---- The records

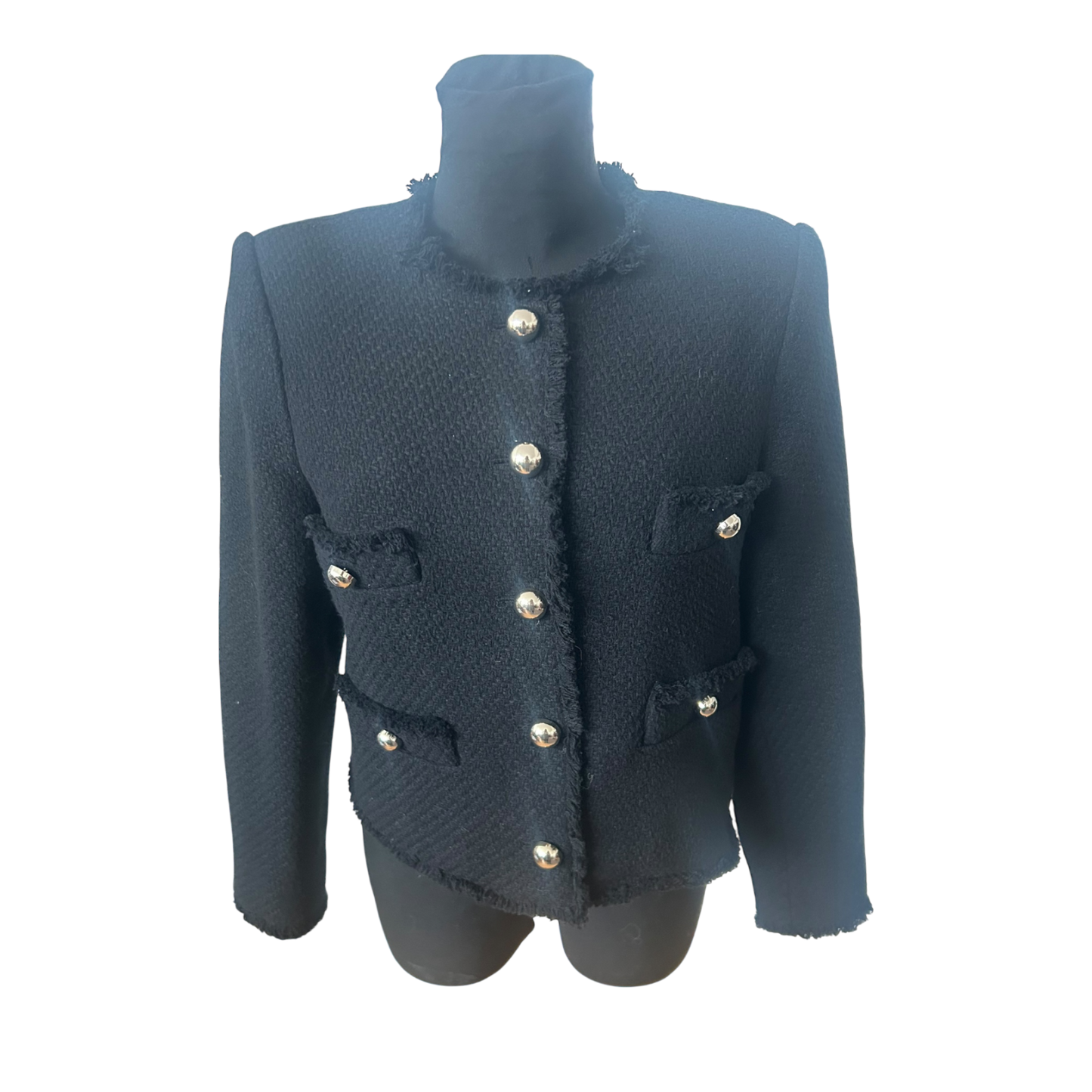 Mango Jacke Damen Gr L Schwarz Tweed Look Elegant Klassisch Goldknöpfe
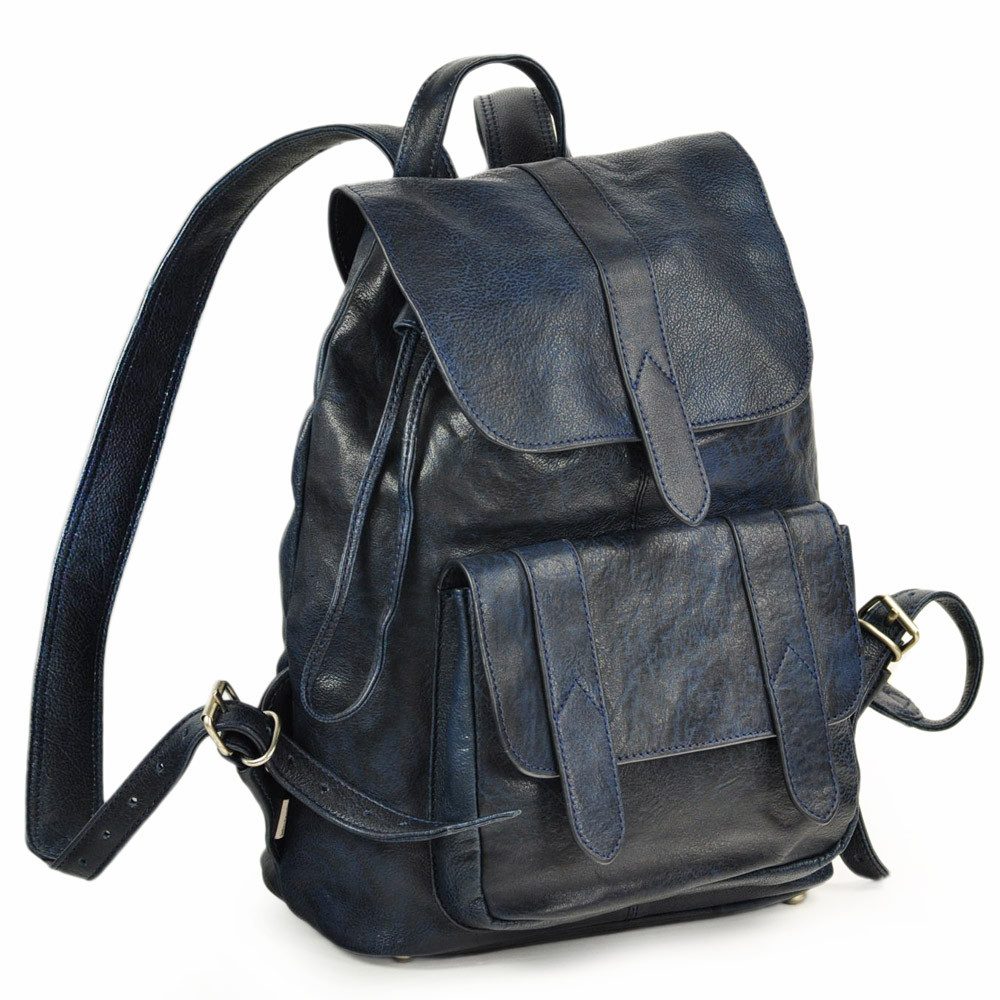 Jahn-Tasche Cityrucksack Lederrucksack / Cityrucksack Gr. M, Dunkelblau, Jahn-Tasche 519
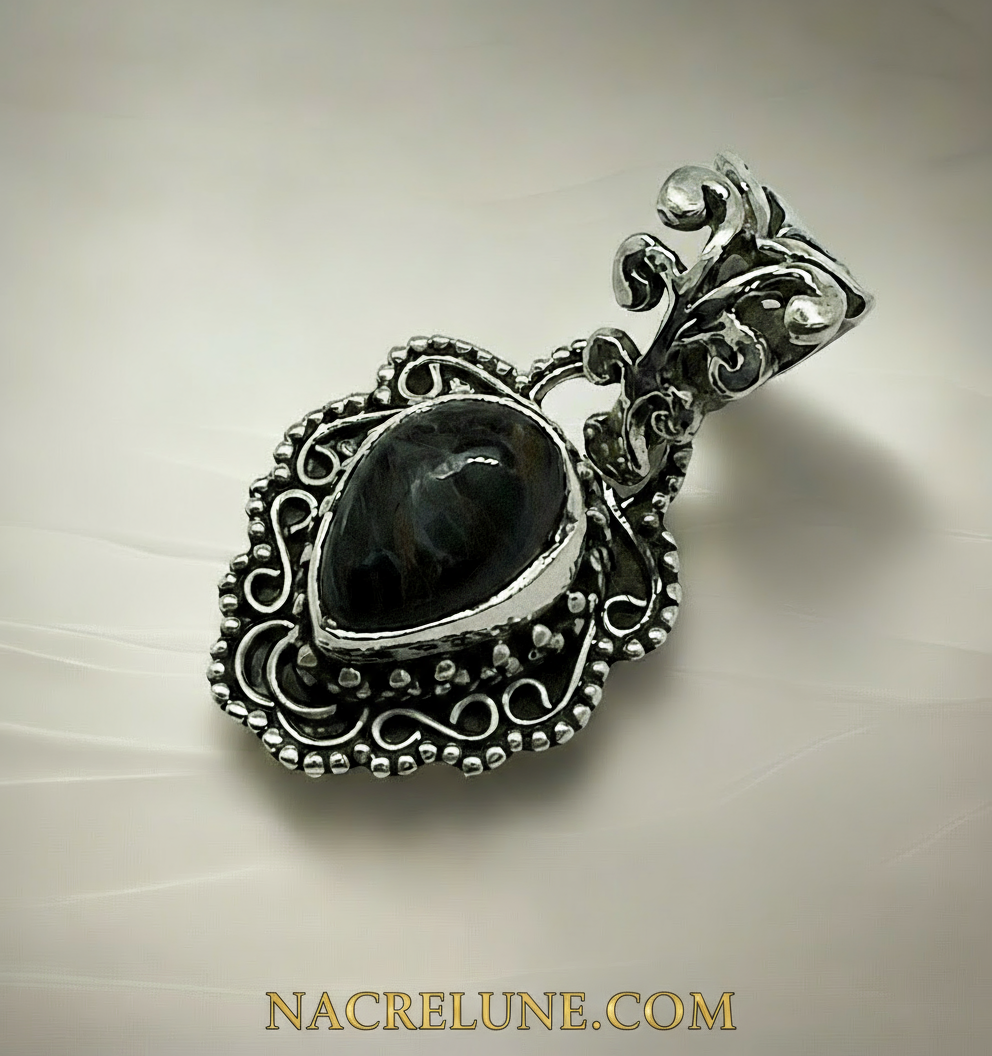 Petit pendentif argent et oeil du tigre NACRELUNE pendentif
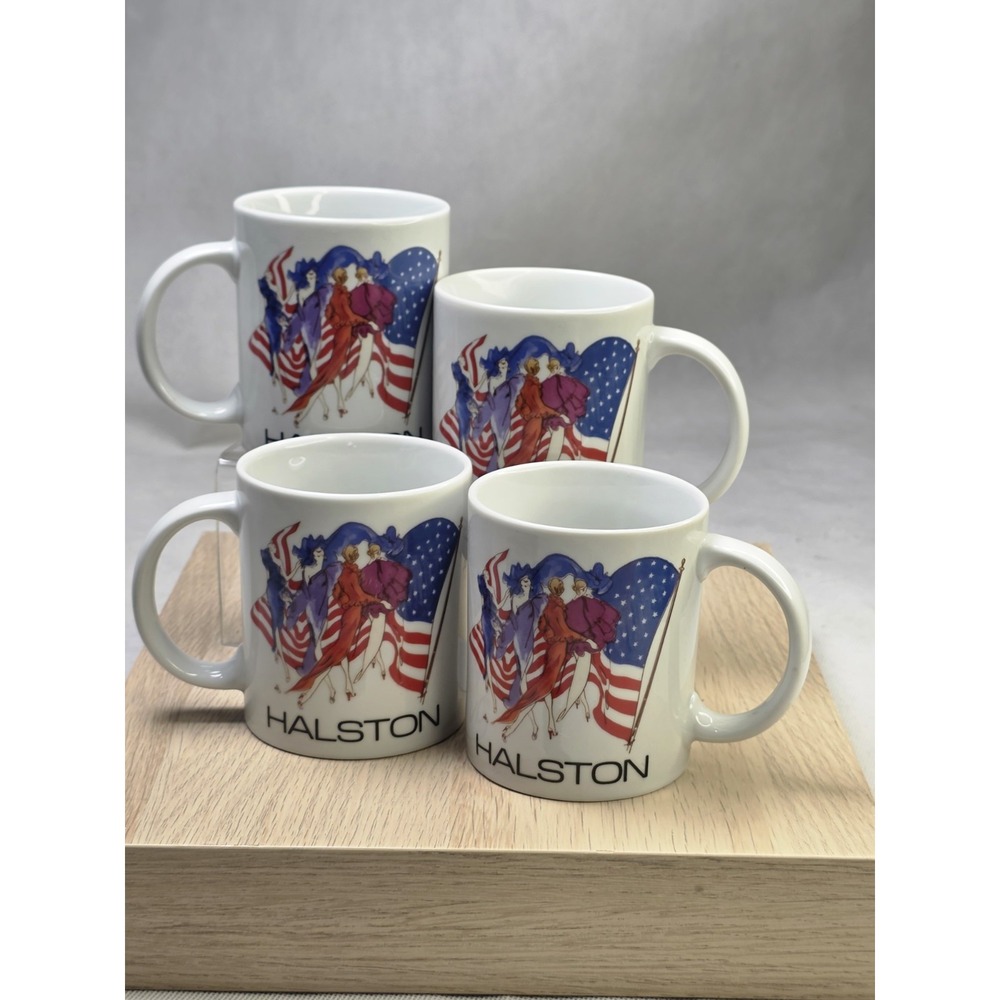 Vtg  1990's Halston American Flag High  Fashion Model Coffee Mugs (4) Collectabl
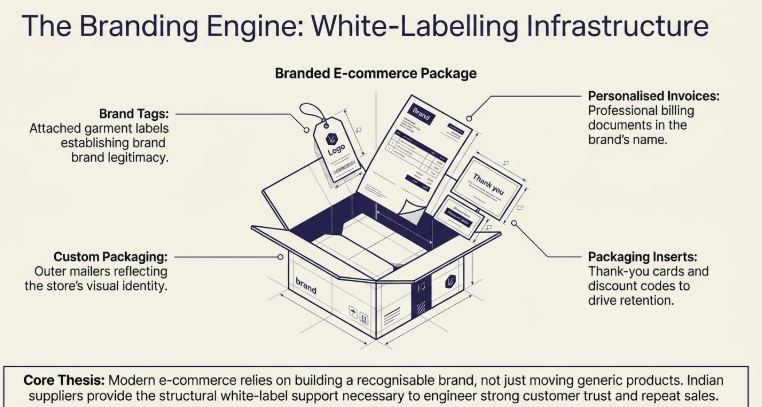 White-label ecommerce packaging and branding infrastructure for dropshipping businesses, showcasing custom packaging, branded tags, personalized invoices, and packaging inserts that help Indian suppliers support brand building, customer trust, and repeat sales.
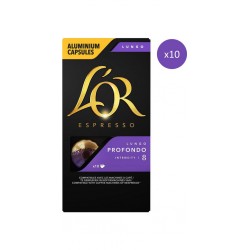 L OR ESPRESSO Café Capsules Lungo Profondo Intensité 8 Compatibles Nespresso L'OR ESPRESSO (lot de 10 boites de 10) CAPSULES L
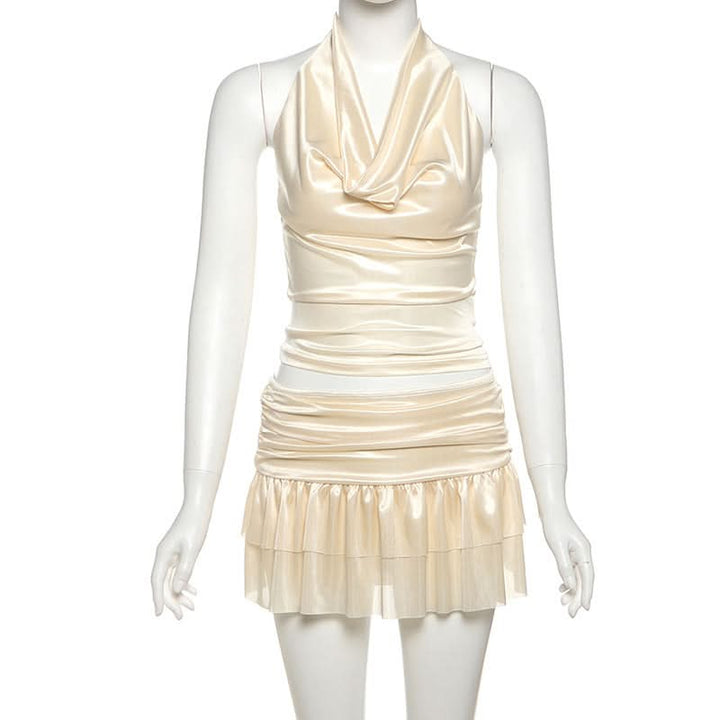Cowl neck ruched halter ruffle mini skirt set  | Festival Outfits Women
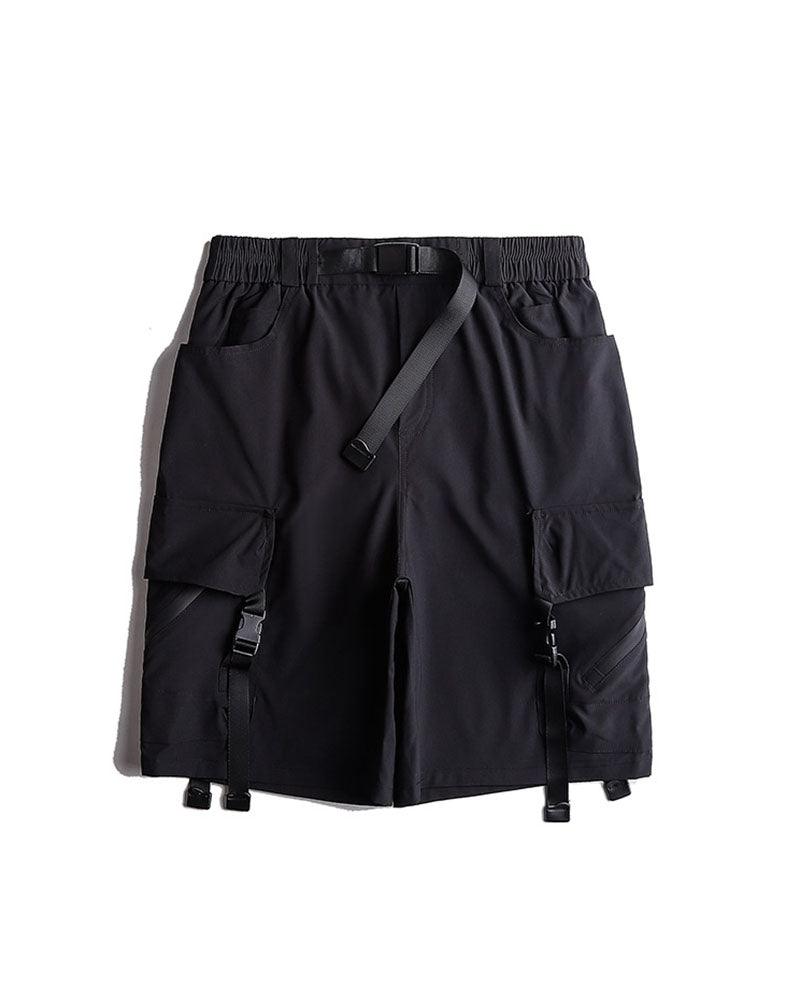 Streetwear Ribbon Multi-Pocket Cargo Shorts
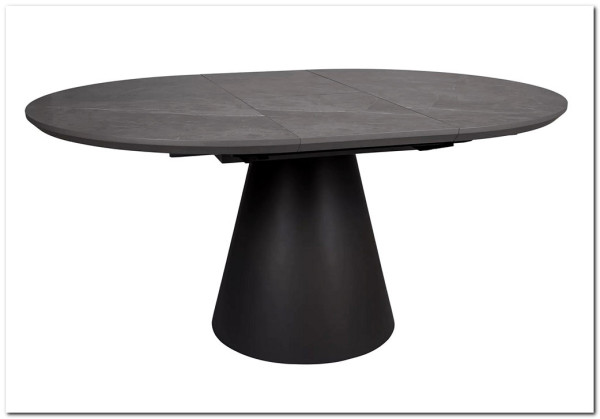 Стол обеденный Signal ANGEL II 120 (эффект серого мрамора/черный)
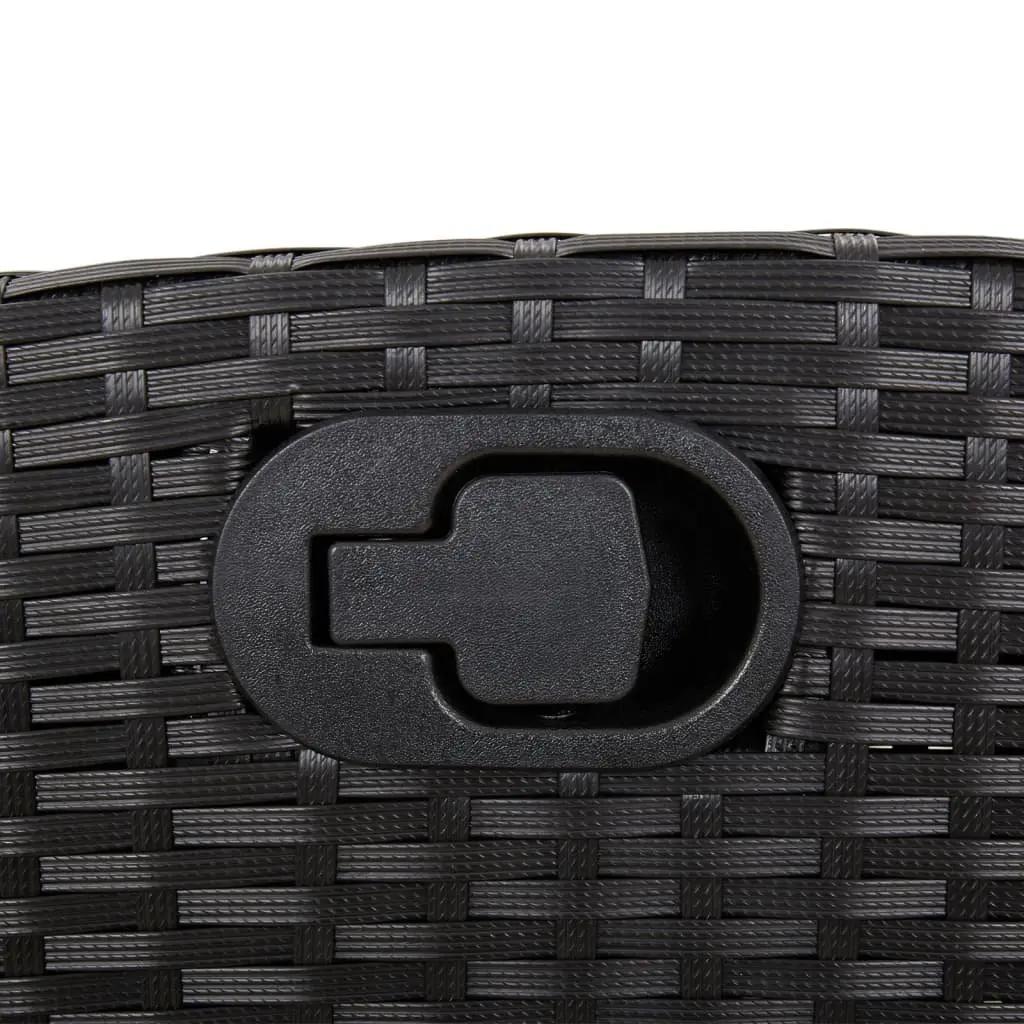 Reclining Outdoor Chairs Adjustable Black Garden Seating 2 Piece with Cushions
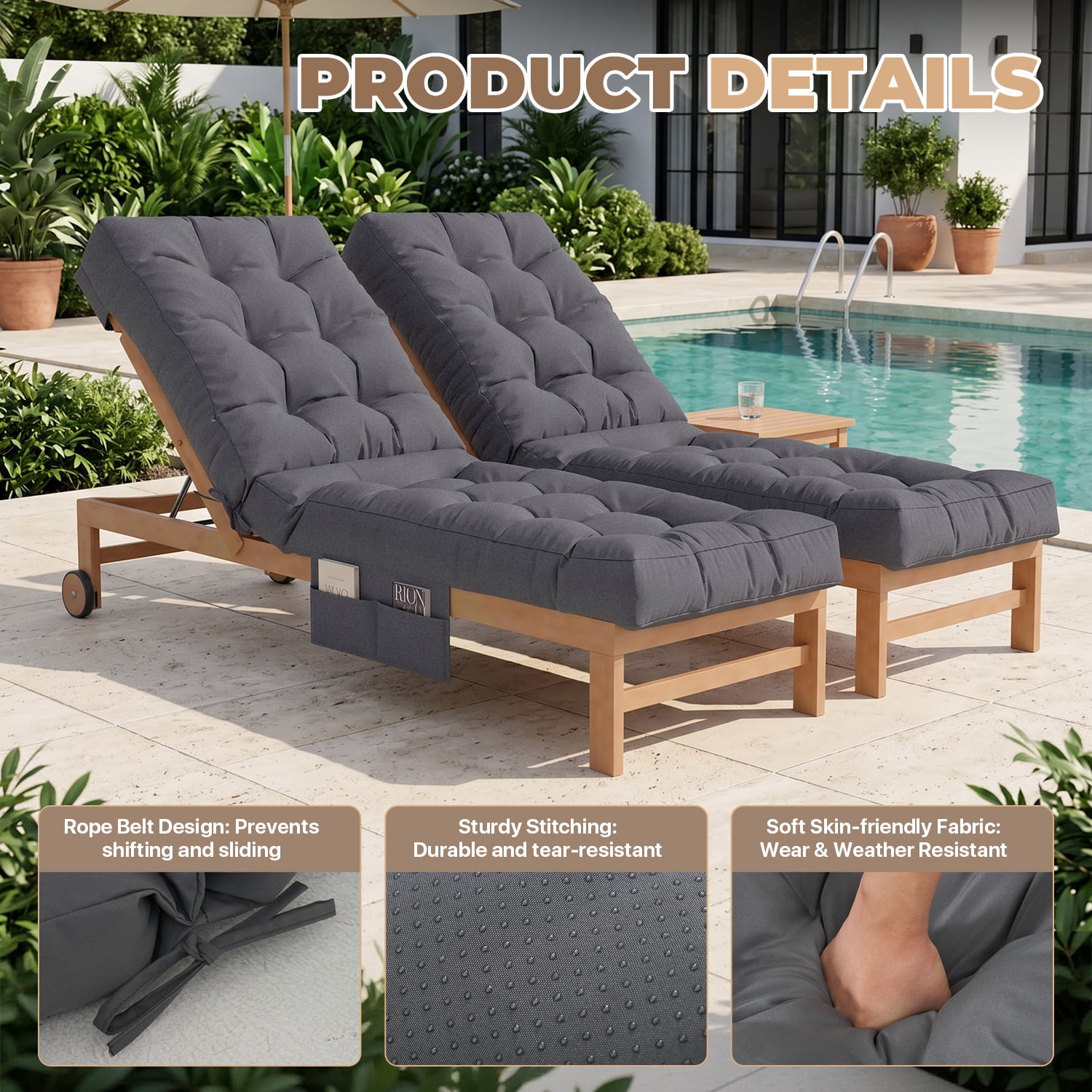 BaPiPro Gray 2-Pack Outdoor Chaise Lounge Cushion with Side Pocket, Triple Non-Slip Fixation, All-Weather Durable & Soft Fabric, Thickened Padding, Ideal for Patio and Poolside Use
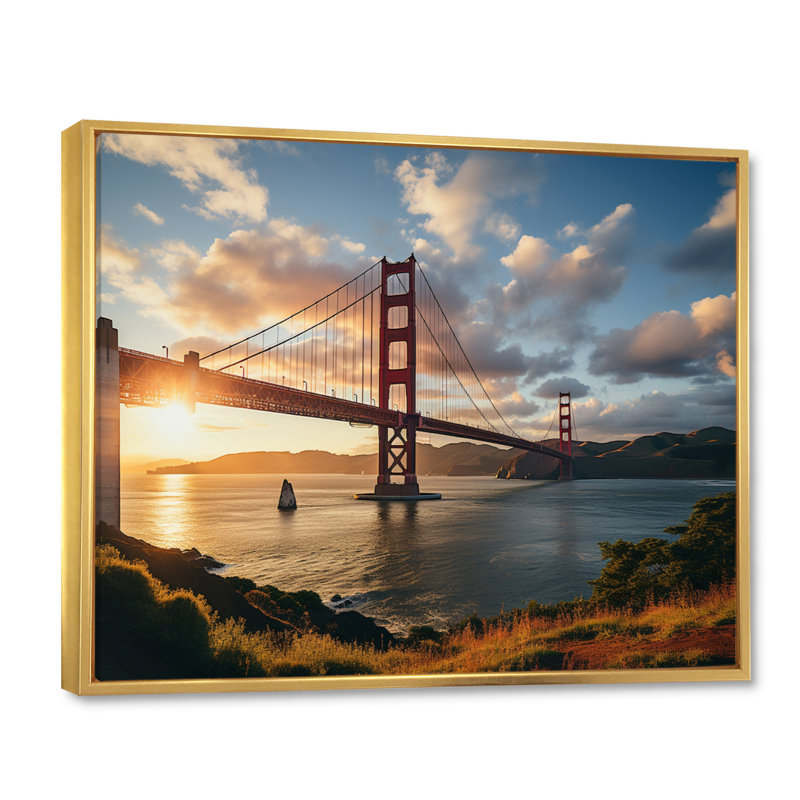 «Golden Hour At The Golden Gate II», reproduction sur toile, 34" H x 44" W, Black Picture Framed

--------

#### [Exercise description]
Return the material from above in full, exactly as written, with the pictures omitted.

#### [Task output]
 Mango Jacke Damen Gr L Schwarz Tweed Look Elegant Klassisch Goldknöpfe
 Jahn-Tasche Cityrucksack Lederrucksack / Cityrucksack Gr. M, Dunkelblau, Jahn-Tasche 519
 Petit pendentif argent et oeil du tigre NACRELUNE pendentif
 Vtg  1990's Halston American Flag High  Fashion Model Coffee Mugs (4) Collectabl
 White-label ecommerce packaging and branding infrastructure for dropshipping businesses, showcasing custom packaging, branded tags, personalized invoices, and packaging inserts that help Indian suppliers support brand building, customer trust, and repeat sales.
 L OR ESPRESSO Café Capsules Lungo Profondo Intensité 8 Compatibles Nespresso L'OR ESPRESSO (lot de 10 boites de 10) CAPSULES L
Cowl neck ruched halter ruffle mini skirt set  | Festival Outfits Women
 Streetwear Ribbon Multi-Pocket Cargo Shorts
 Стол обеденный Signal ANGEL II 120 (эффект серого мрамора/черный)
 Reclining Outdoor Chairs Adjustable Black Garden Seating 2 Piece with Cushions
 BaPiPro Gray 2-Pack Outdoor Chaise Lounge Cushion with Side Pocket, Triple Non-Slip Fixation, All-Weather Durable & Soft Fabric, Thickened Padding, Ideal for Patio and Poolside Use
 «Golden Hour At The Golden Gate II», reproduction sur toile, 34" H x 44" W, Black Picture Framed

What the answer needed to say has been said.